How exactly one adds S₀ and δS to get the final operator depends on the intended usage. For instance, one can use the LinearMap type to simply add them lazily:

using LinearMaps
S = LinearMap(S₀) + LinearMap(δS)
9426×9426 LinearMaps.LinearCombination{ComplexF64} with 2 maps:
  9426×9426 LinearMaps.WrappedMap{ComplexF64} of
    9426×9426 HMatrix{ClusterTree{2, Float64}, ComplexF64}
  9426×9426 LinearMaps.WrappedMap{ComplexF64} of
    9426×9426 SparseArrays.SparseMatrixCSC{ComplexF64, Int64} with 565560 stored entries

Or, one can add δS to S₀ to create a new object:

S = S₀ + δS
HMatrix of ComplexF64 with range 1:9426 × 1:9426
	 number of nodes in tree: 2893
	 number of leaves: 2170 (690 admissible + 1480 full)
	 min rank of sparse blocks : 4
	 max rank of sparse blocks : 30
	 min length of dense blocks : 625
	 max length of dense blocks : 3936
	 min number of elements per leaf: 625
	 max number of elements per leaf: 2468041
	 depth of tree: 0
	 compression ratio: 15.270194

or if performance/memory is a concern, one may want to directly add δS to S₀ in-place:

axpy!(1.0, δS, S₀)
HMatrix of ComplexF64 with range 1:9426 × 1:9426
	 number of nodes in tree: 2893
	 number of leaves: 2170 (690 admissible + 1480 full)
	 min rank of sparse blocks : 4
	 max rank of sparse blocks : 30
	 min length of dense blocks : 625
	 max length of dense blocks : 3936
	 min number of elements per leaf: 625
	 max number of elements per leaf: 2468041
	 depth of tree: 0
	 compression ratio: 15.270194

All of these should give an identical matrix-vector product, but the latter two allow e.g. for the use of direct solvers though an LU factorization.

Limitations

Integral operators defined from custom kernel functions do not support all the features of the predefined ones.

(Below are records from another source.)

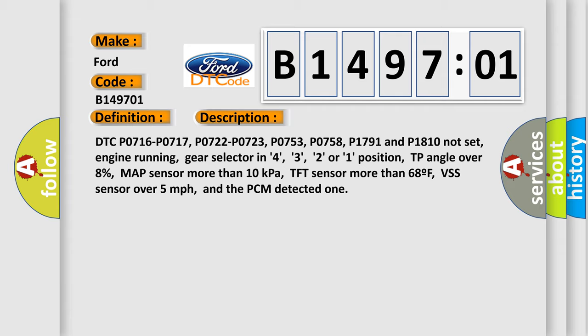And now this is a short description of this DTC code. DTC P0716, P0717, P0722, P0723, P0753, P0758, P1791 and P1810 not set,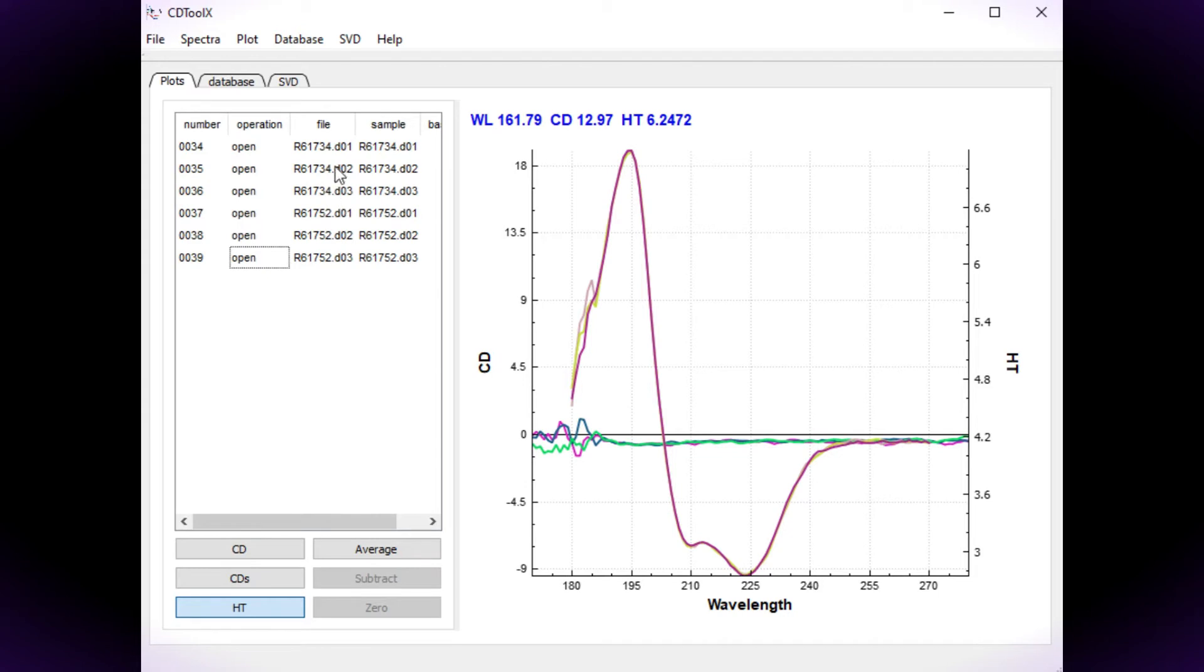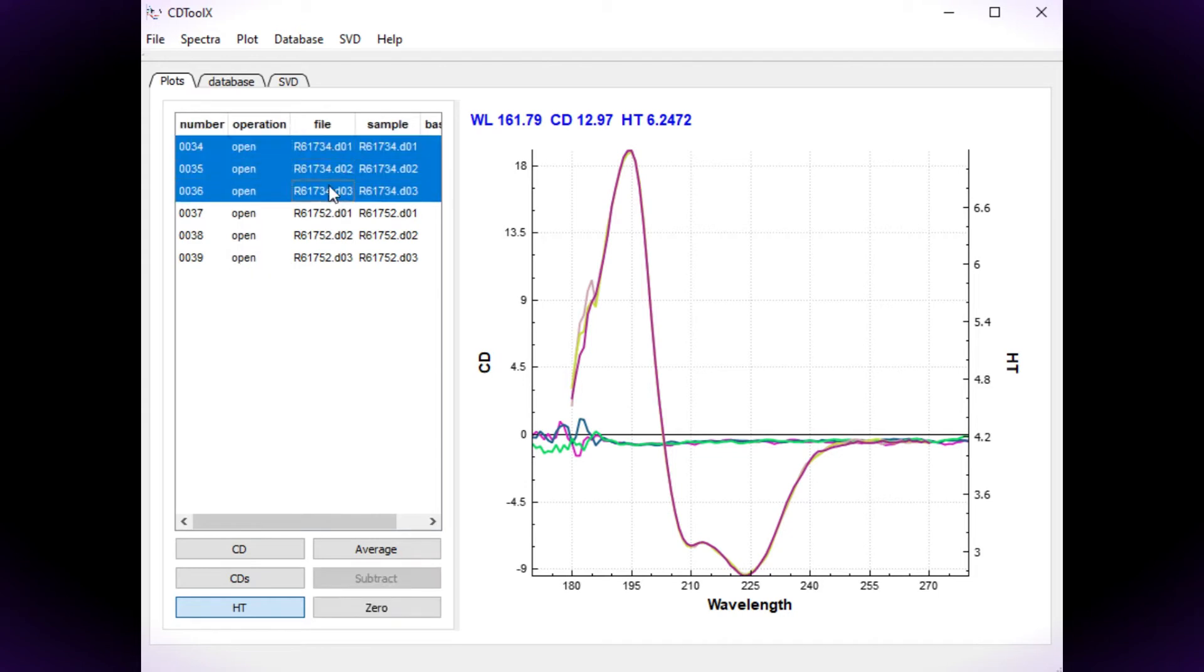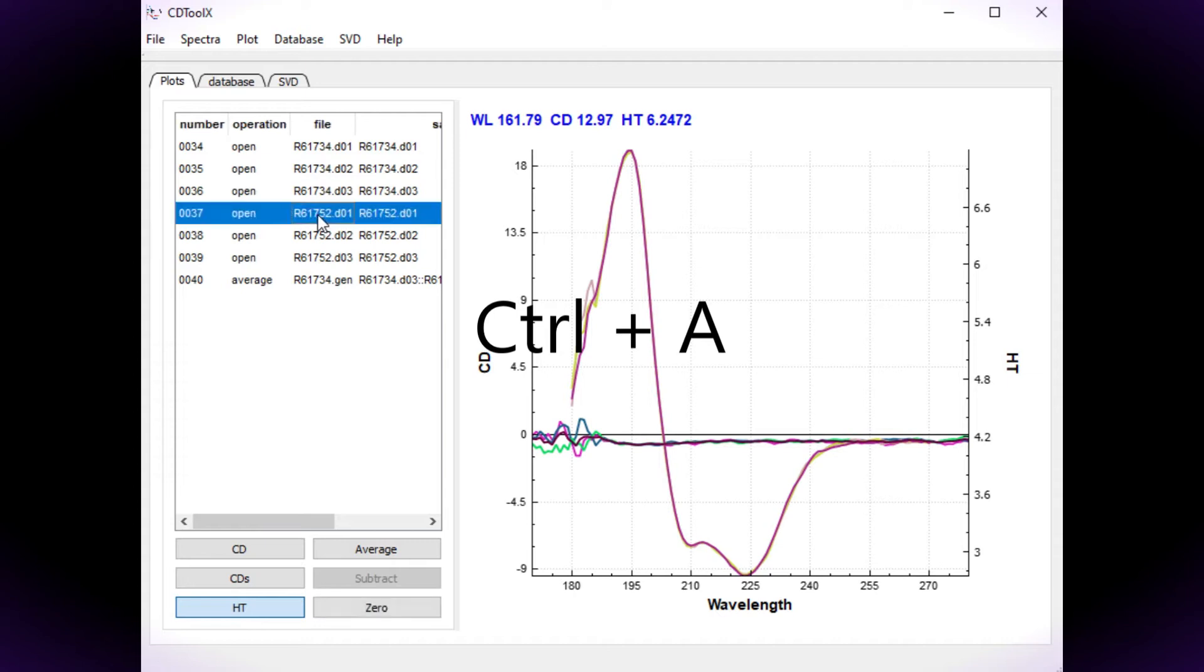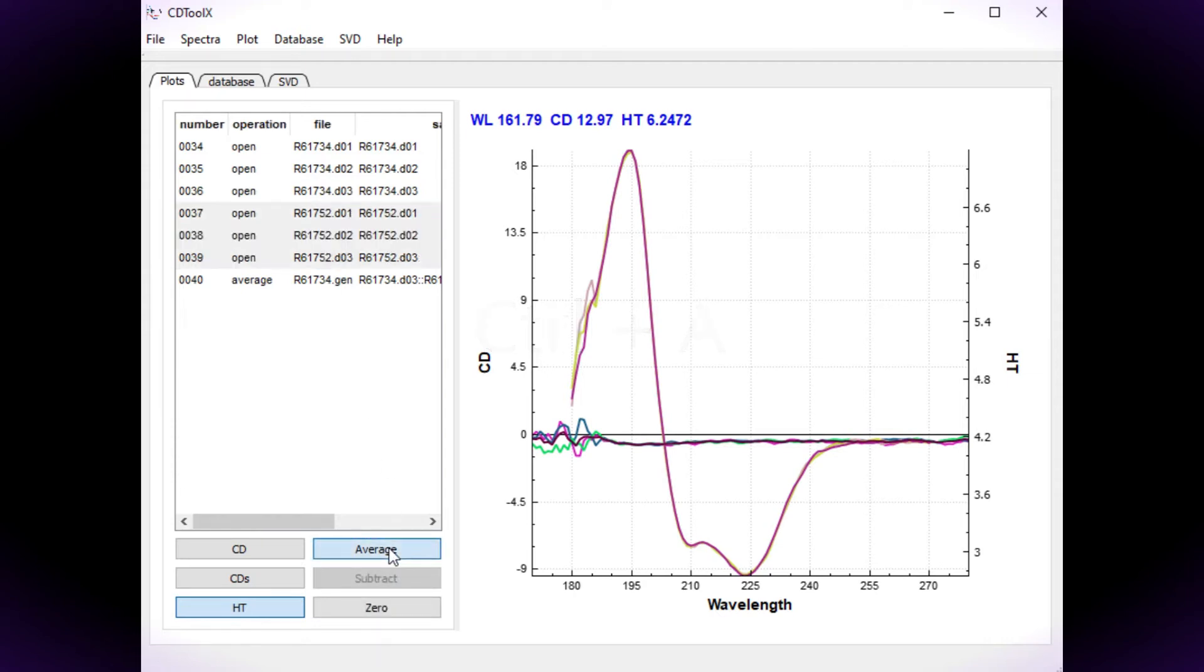Select three baseline files and click on the average button or use Ctrl+A on the keyboard. Now average the sample data.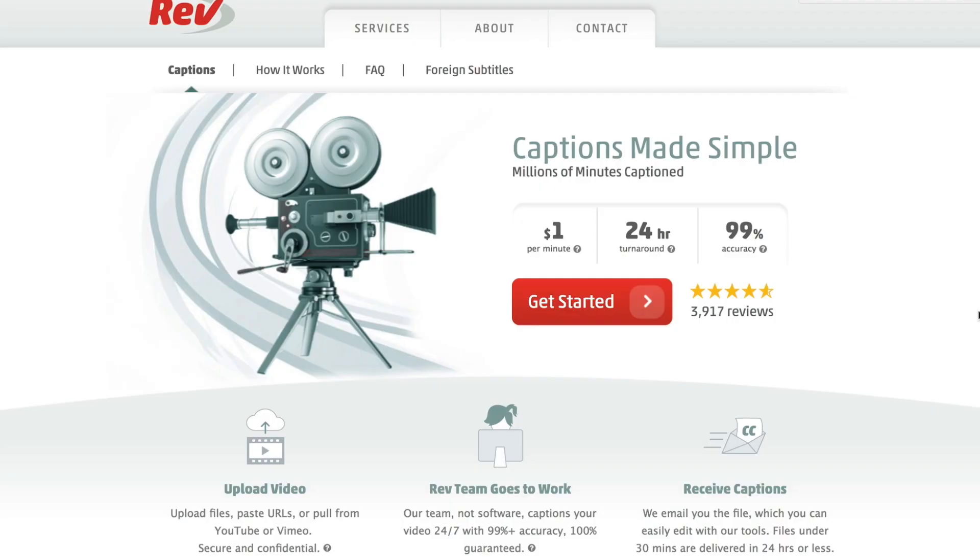I actually pay for this website called Rev.com. It's only a dollar per minute, so if you're making 10-minute YouTube videos, it's only $10 to do captions — kind of a no-brainer. It's something I never even thought about doing until I met a friend who's actually deaf, and he said he didn't know what was happening in my videos.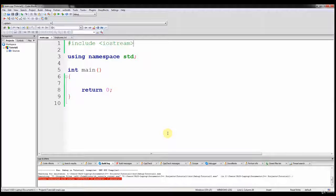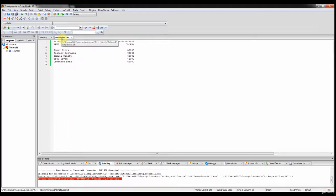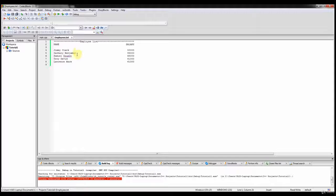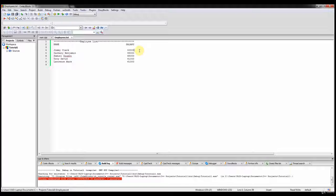In this tutorial, we will be building our second practical program, and it's going to be primarily a console application that you could use in several business environments. I already have an employees.txt file with two headers — name and salary — and then several employees' names with their salary on the right. The primary focus of this program is to read in this file and display the contents in the console window.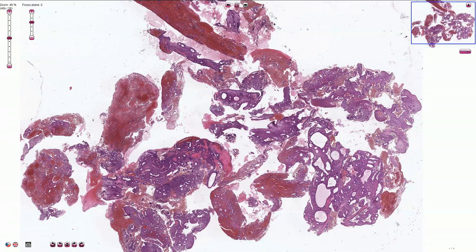Endometrial hyperplasia is usually associated with prolonged estrogenic stimulation with reduced progestational activity. It is very common among perimenopausal women or can be associated with anovulatory cycles.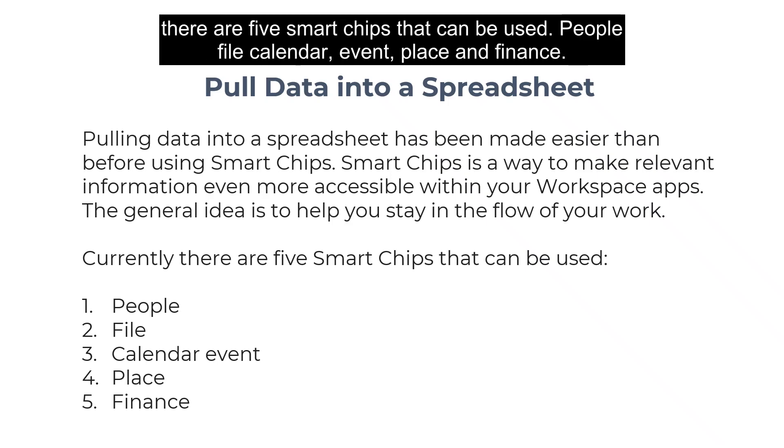Currently, there are five Smart Chips that can be used: People, File, Calendar Event, Place, and Finance.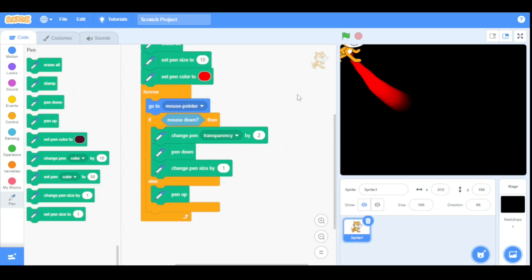Thank you so much for watching my video. If you want to learn how to make a 3D jeep by developing simple costumes as parts of the jeep — like wheels, roof, and wheel caps — and then converting them into a 3D effect using the stamp tool, and finally driving that jeep, then check out our video on how to make a 3D jeep in Scratch. The link is in the description below. I'll see you in my next video — bye guys, take care!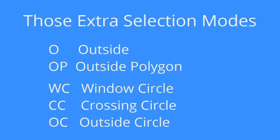The extra selection modes are known as outside which is the opposite of window, outside polygon which is outside of a polygon window, window circle which is just like window but using a circle instead of a rectangle, crossing circle like crossing but with a circle, and outside circle the opposite of window circle. Let's take a look at how they work.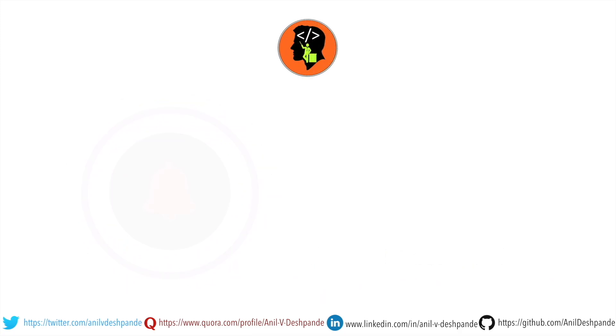Don't forget to like, comment, share the video and subscribe to the channel. Take care. Bye.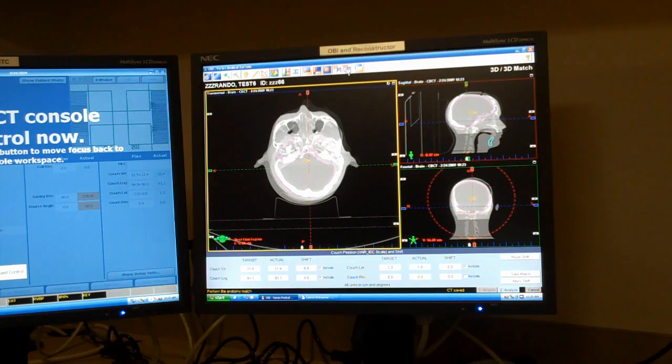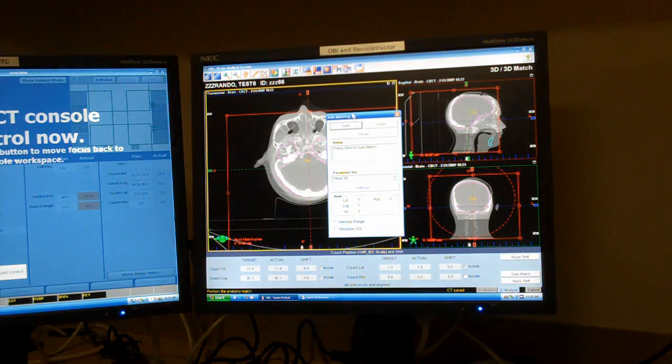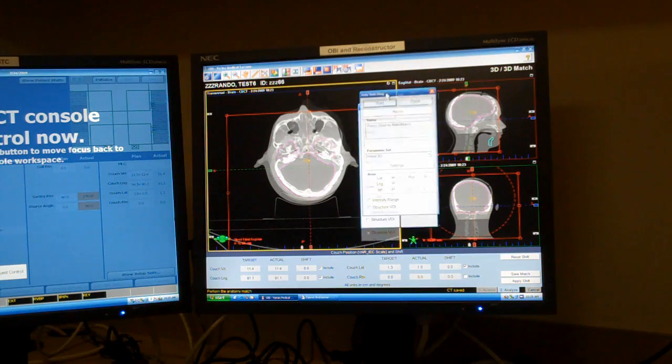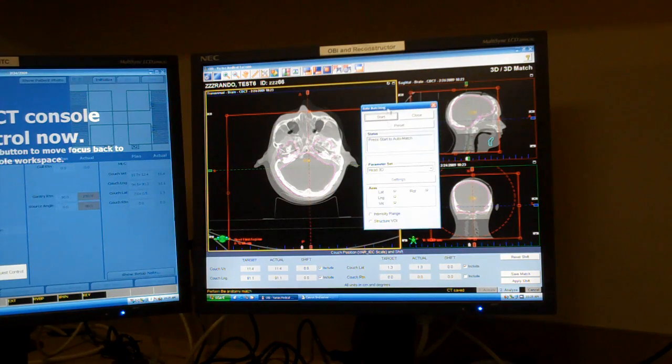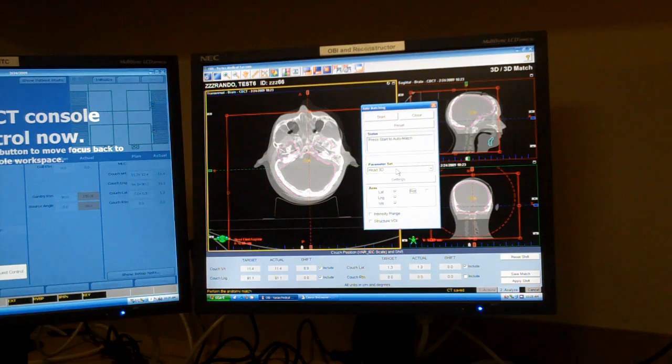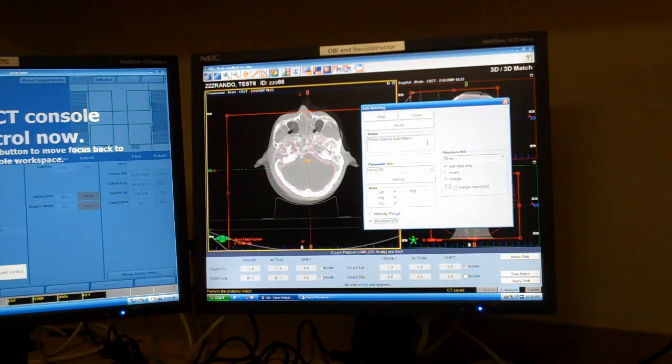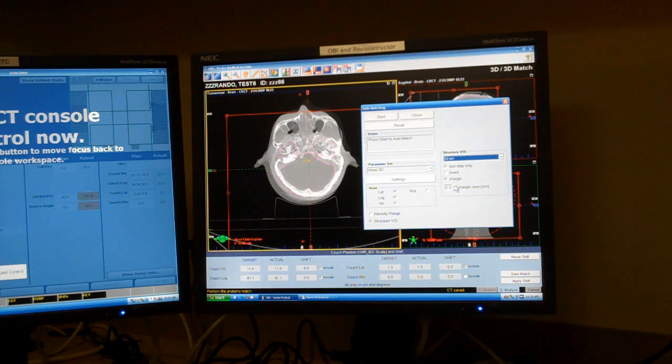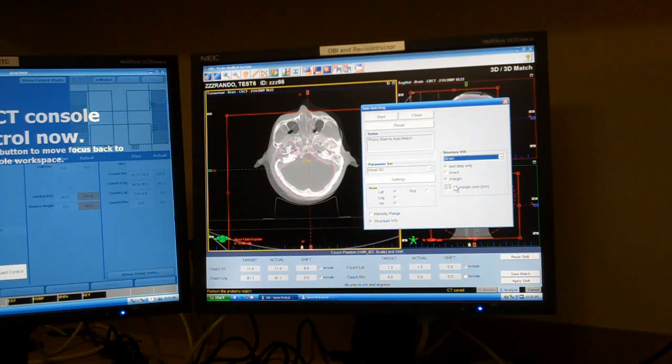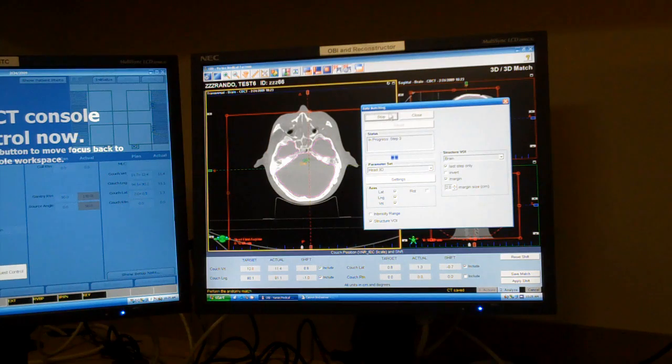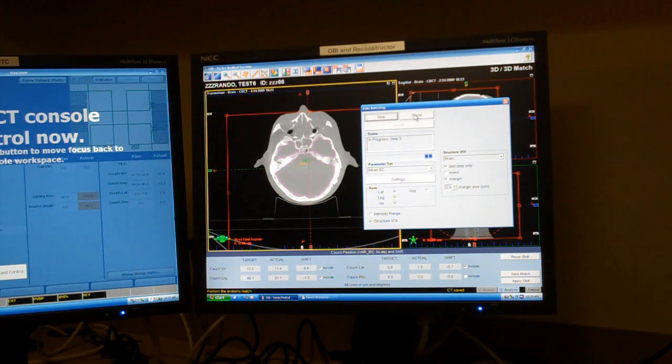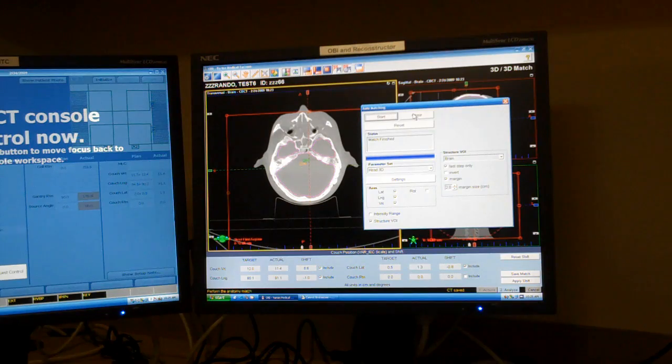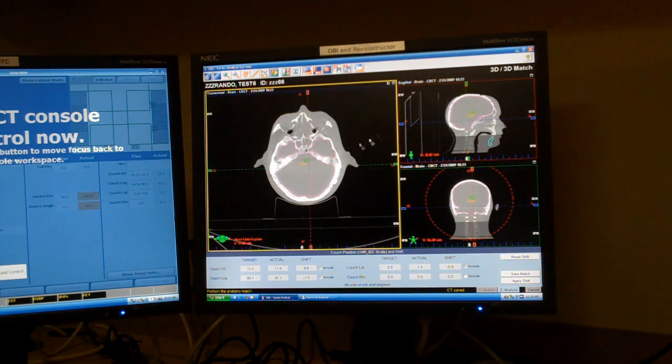Here, we can do an auto match 3D. It will give us several options. You can see the red Rigid box. I don't want rotation. I can choose just the brain ROI, plus maybe 2cm in margin, and tell it to go. And you can see it immediately snaps into a very good shift.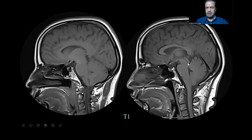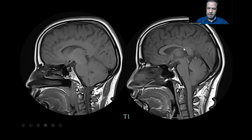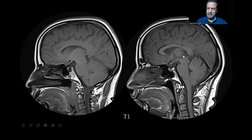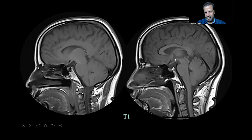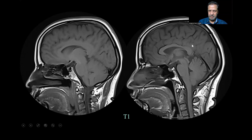This is the aqueduct of Sylvius, the foramen of Magendie, and the quadrigeminal cistern. This is the pineal gland, and this is the corpus callosum. This is the fornix, which is part of the limbic system. This is the massa intermedia, the connection between the two thalami. This is the third ventricle, where you perform a third ventriculostomy by coming through like this.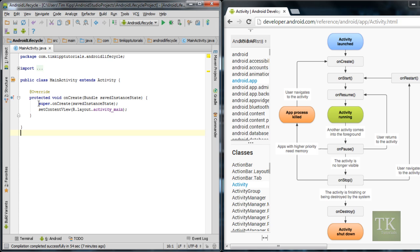So anything inside of here, right now we have the super.onCreate method, and then we have a setContentView method, which is passing in the layout for our activity. All of that is executed, and then it will move on to onStart, which is not implemented in this activity on the left.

In particular, some singular integration methods (e.g. the Density Interpolation Method) and acceleration routines (e.g. Fast Multipole Method) used to correct for singular and nearly singular integral operators, and to accelerate the matrix vector products, are only available for specific kernels. Check the corrections and compression for more details concerning which methods are compatible with custom kernels.